● **Work instructions**: Only the lines below from the one that holds "5300 NE 2nd Lane , Ocala, FL 34470 Photo" through the one that holds "used 2023 Chevrolet" should appear in the answer, copied exactly, end lines included and pictures omitted.

─── Data section

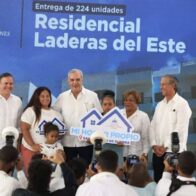 Abinader entrega 224 apartamentos de Laderas del Este en Guerra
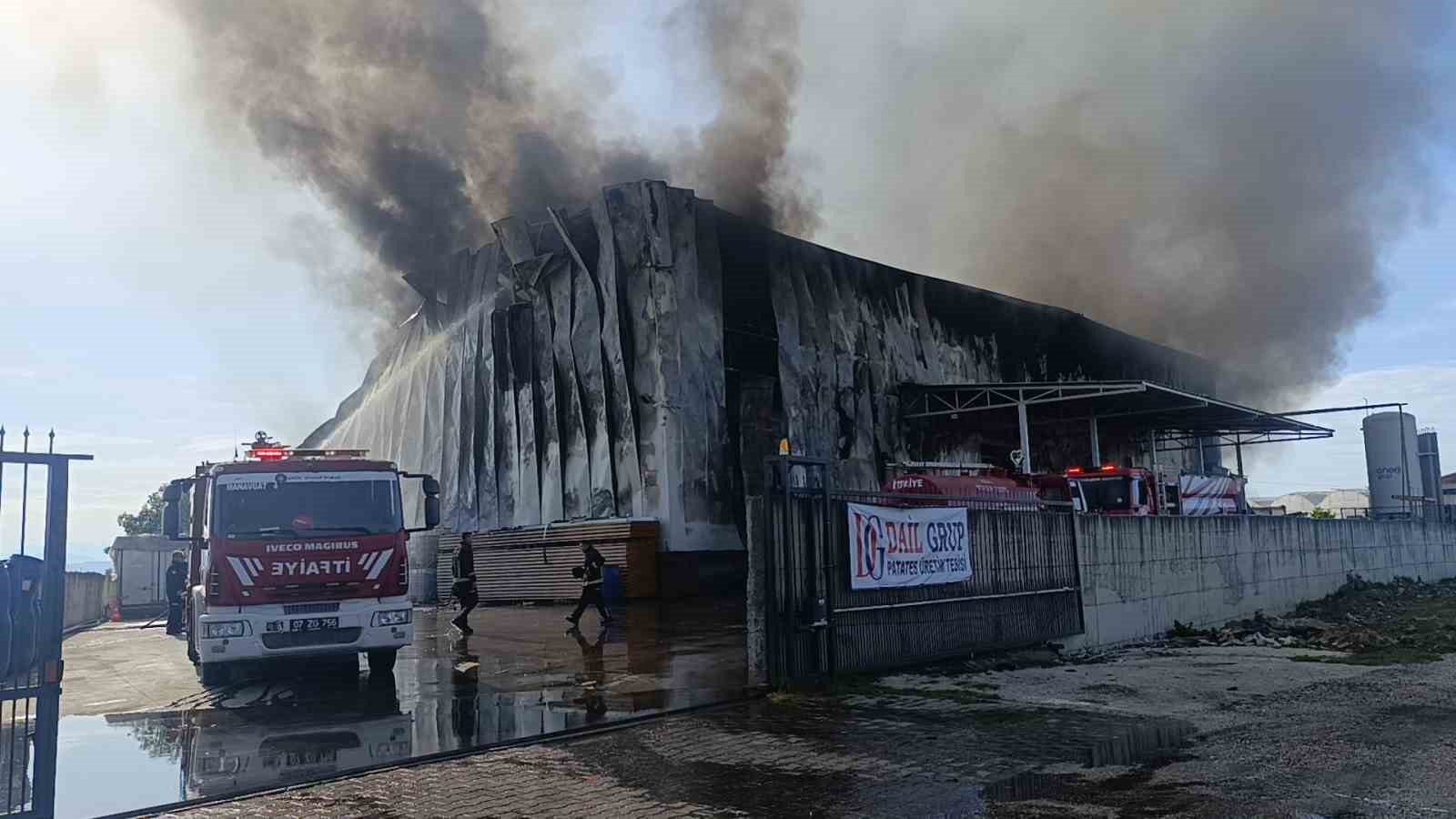 Antalya’da patates üretim tesisinde yangın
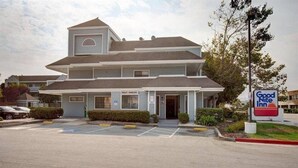 Unclassified image, 5 of 9, button - Good Nite Inn Salinas (Salinas)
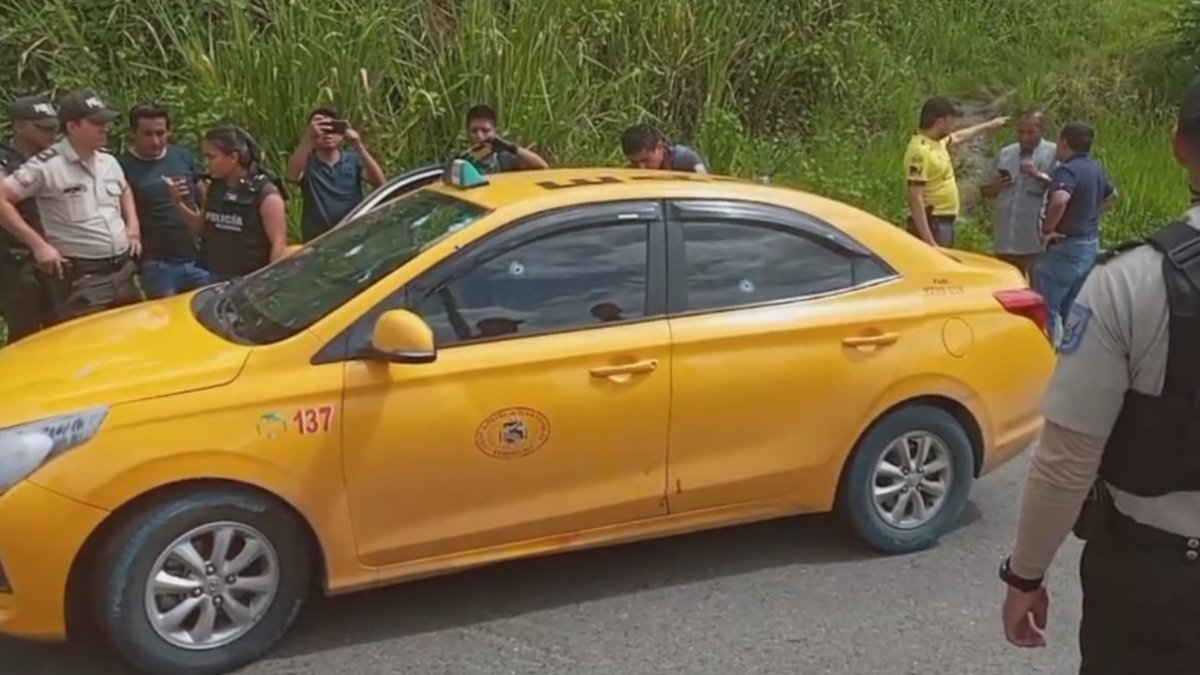 Dos balas ingresaron por el parabrisa, otra por la ventana del conductor y la última por el vidrio de la puerta trasera.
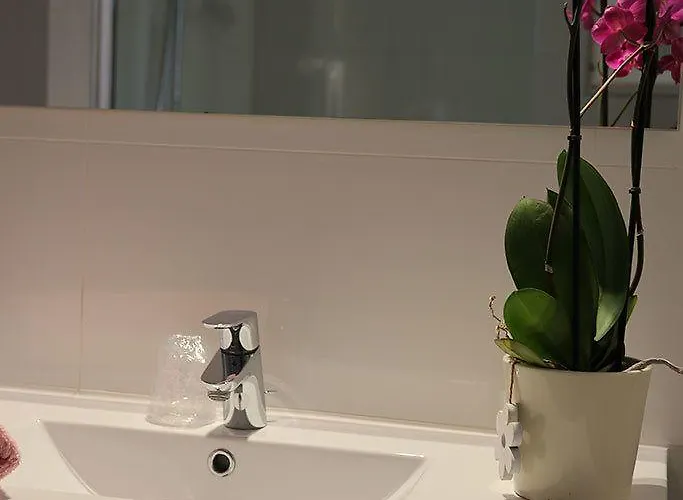 Les Jardins De - Parking Gratuit & Piscine Chauffee Отель 3*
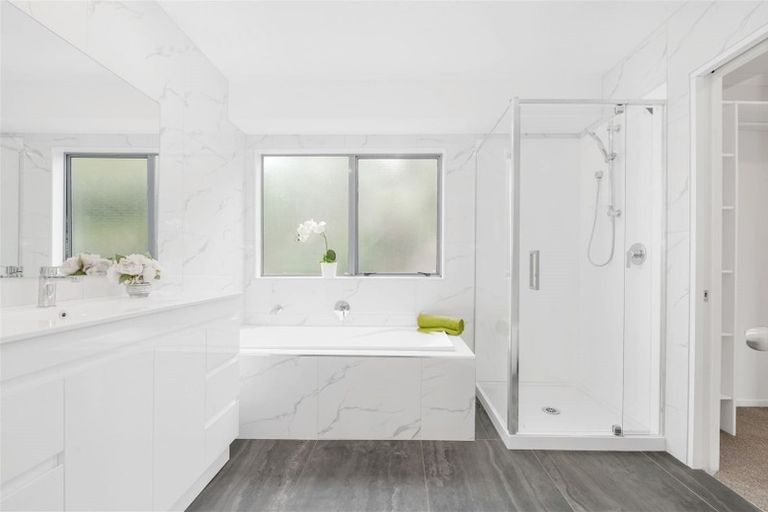 Photo of property in 2/10 Casabella Court, Northpark, Auckland, 2013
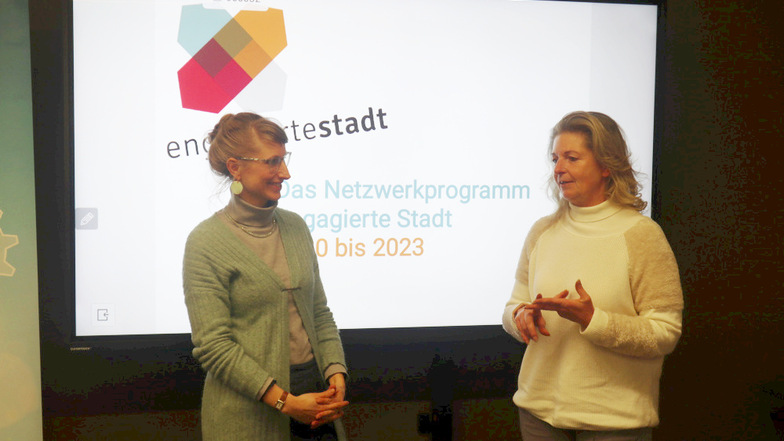 Lisa Bail (links/Initiative Engagierte Stadt Görlitz) und Dagmar Steuer (Initiative Engagierte Stadt Hoyerswerda) erläuterten die Initiative „Engagierte Stadt“.
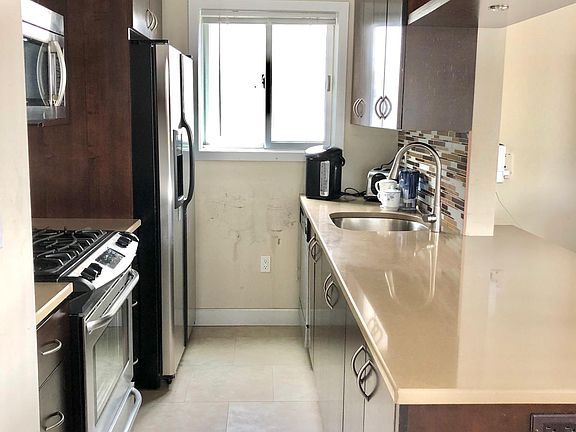 3rd image of 82 Jackson Ave Floor 1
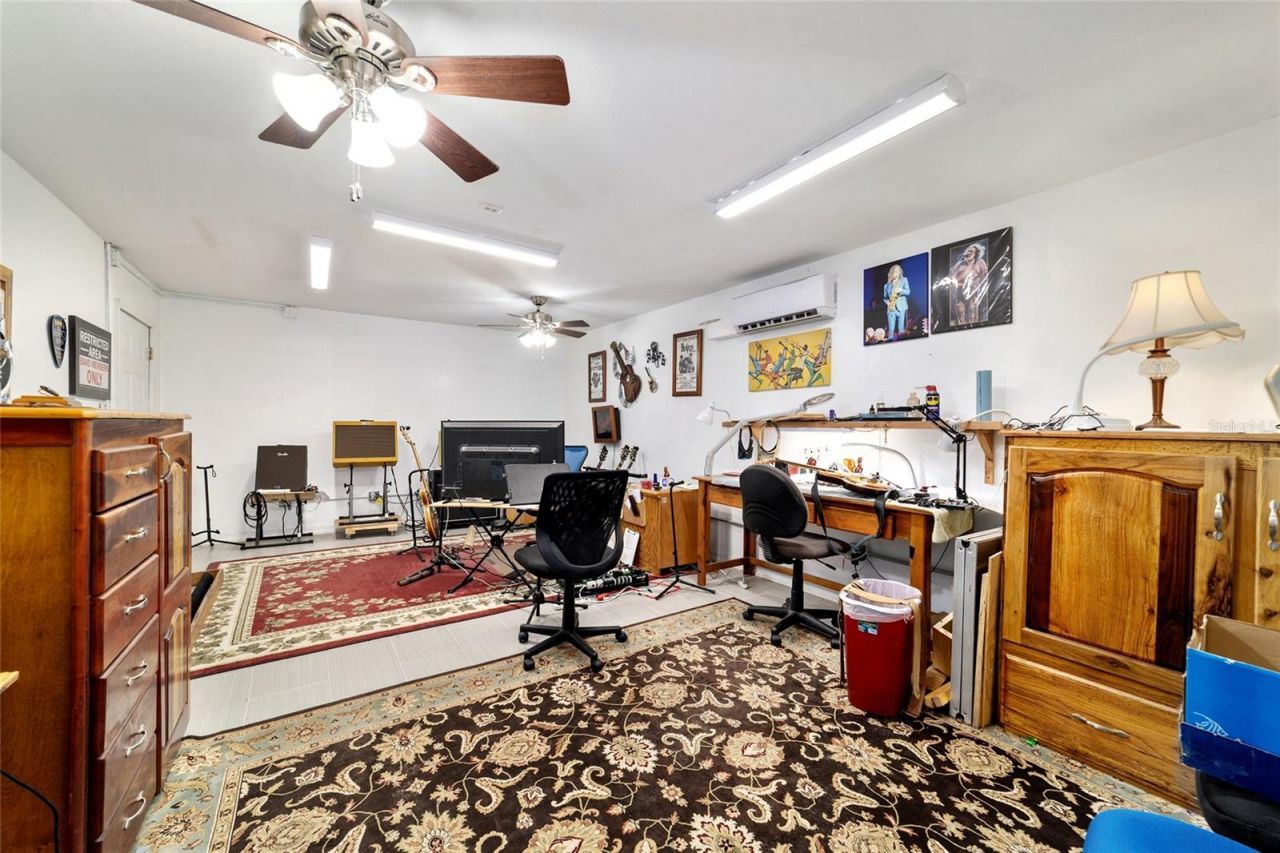 5300 NE 2nd Lane , Ocala, FL 34470 Photo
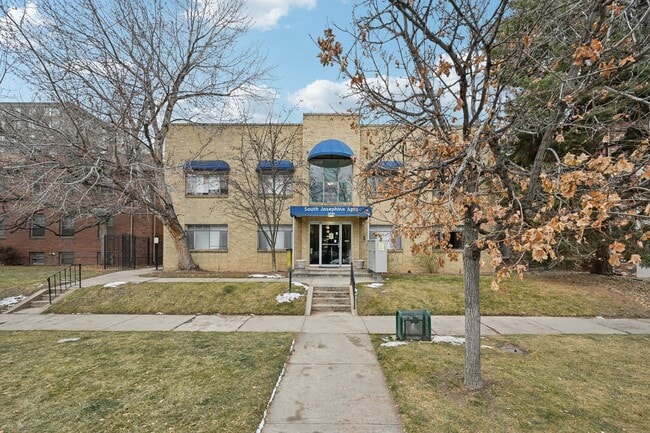 Building Photo - South Josephine Apartments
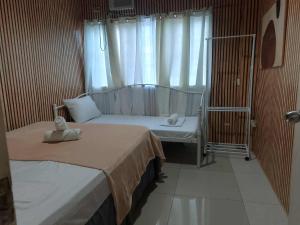 HOST HOMES DOWNTOWN SENATOR ENAGE ST TACLOBAn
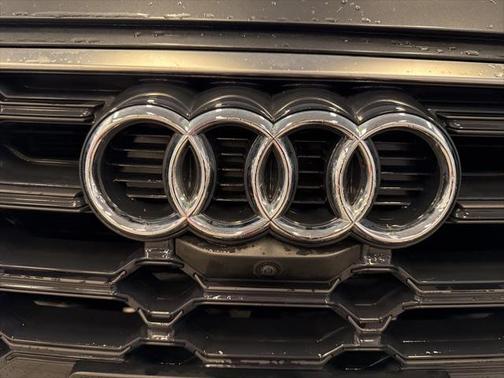 2022 Audi Q5 Premium Plus 45 TFSI S line quattro S tronic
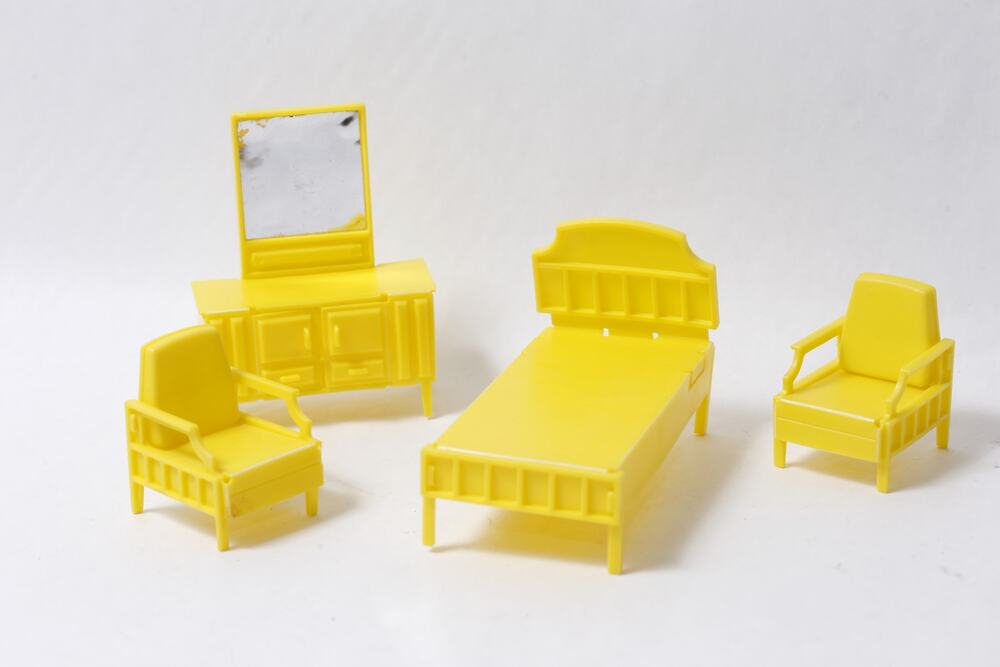 1960s Mattel Liddle Kiddles Yellow Dollhouse Furniture Lot ~ 260907-WH 592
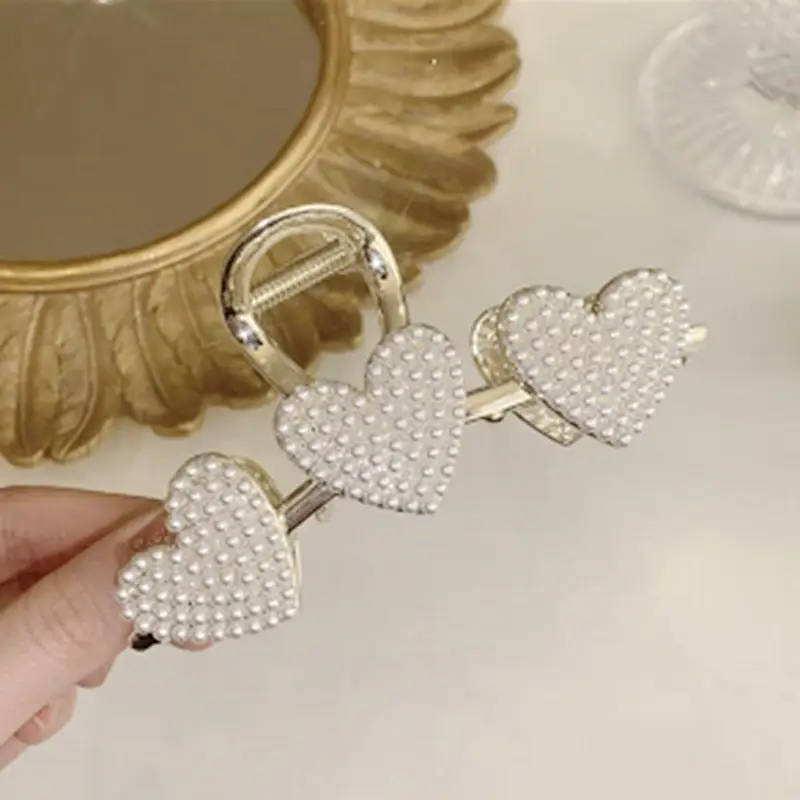 Elegant Butterfly Hair Clip with Pearl & Crystal Design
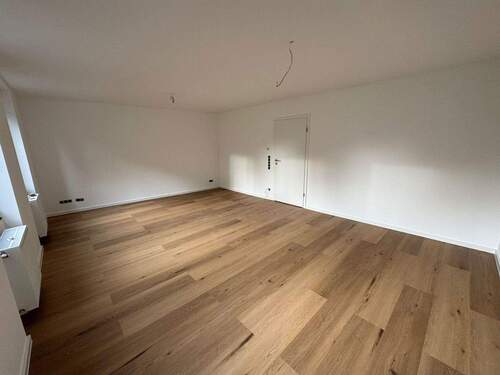 Wohn-/Schlafzimmer - 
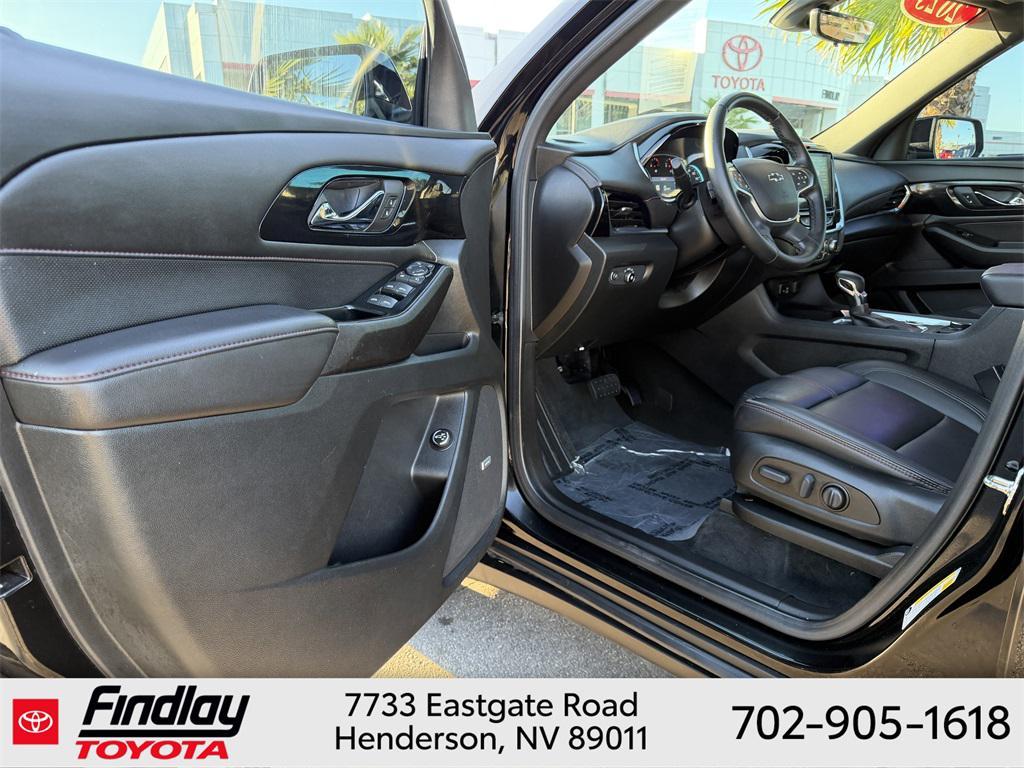 used 2023 Chevrolet Traverse car, priced at $35,688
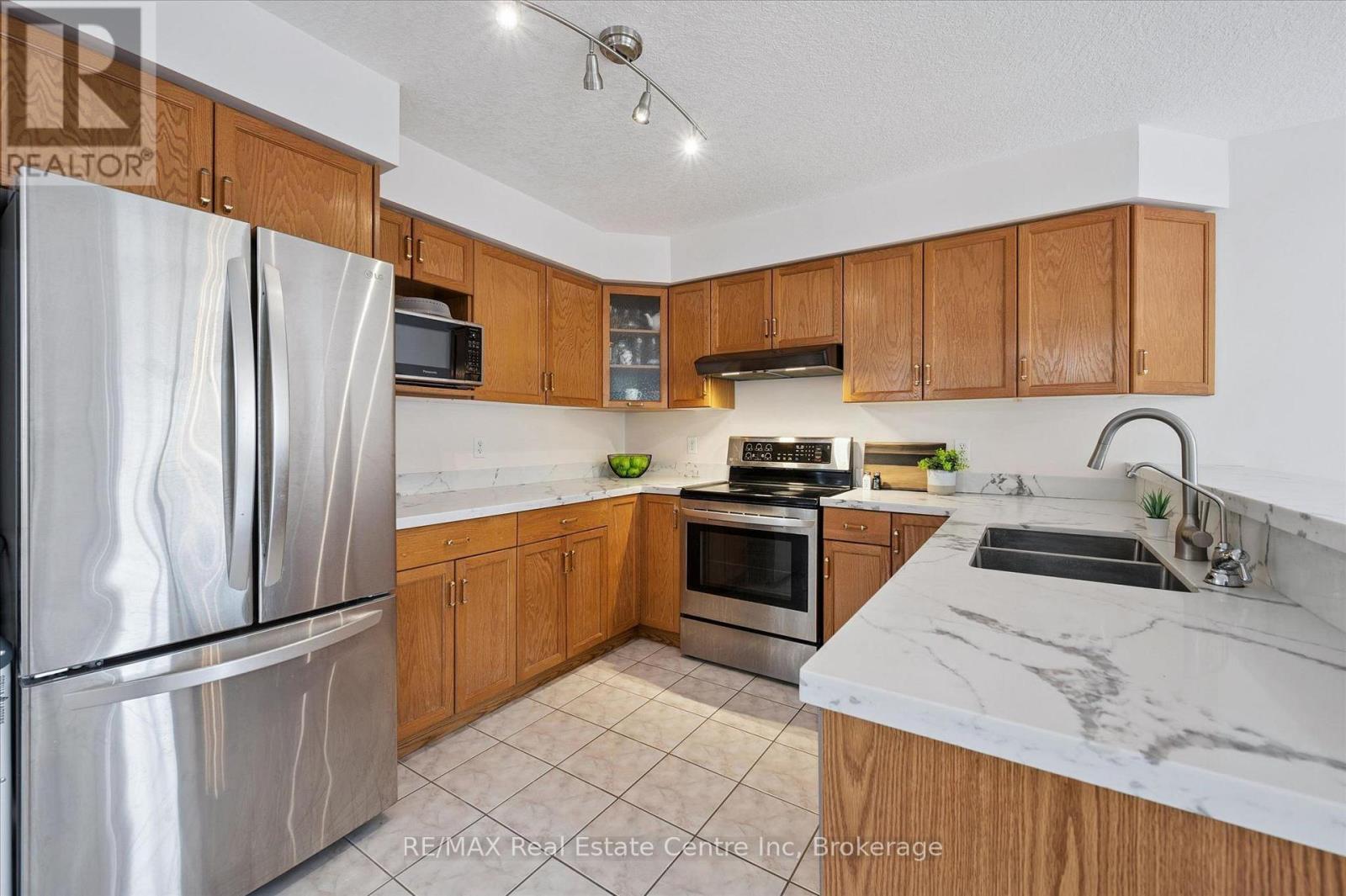 90 Marsh Crescent, Guelph, Ontario  N1L 1L4 - Photo 9 - X13048992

──────

● **Answer to this exercise**:
 5300 NE 2nd Lane , Ocala, FL 34470 Photo
 Building Photo - South Josephine Apartments
 HOST HOMES DOWNTOWN SENATOR ENAGE ST TACLOBAn
 2022 Audi Q5 Premium Plus 45 TFSI S line quattro S tronic
 1960s Mattel Liddle Kiddles Yellow Dollhouse Furniture Lot ~ 260907-WH 592
 Elegant Butterfly Hair Clip with Pearl & Crystal Design
 Wohn-/Schlafzimmer - 
 used 2023 Chevrolet Traverse car, priced at $35,688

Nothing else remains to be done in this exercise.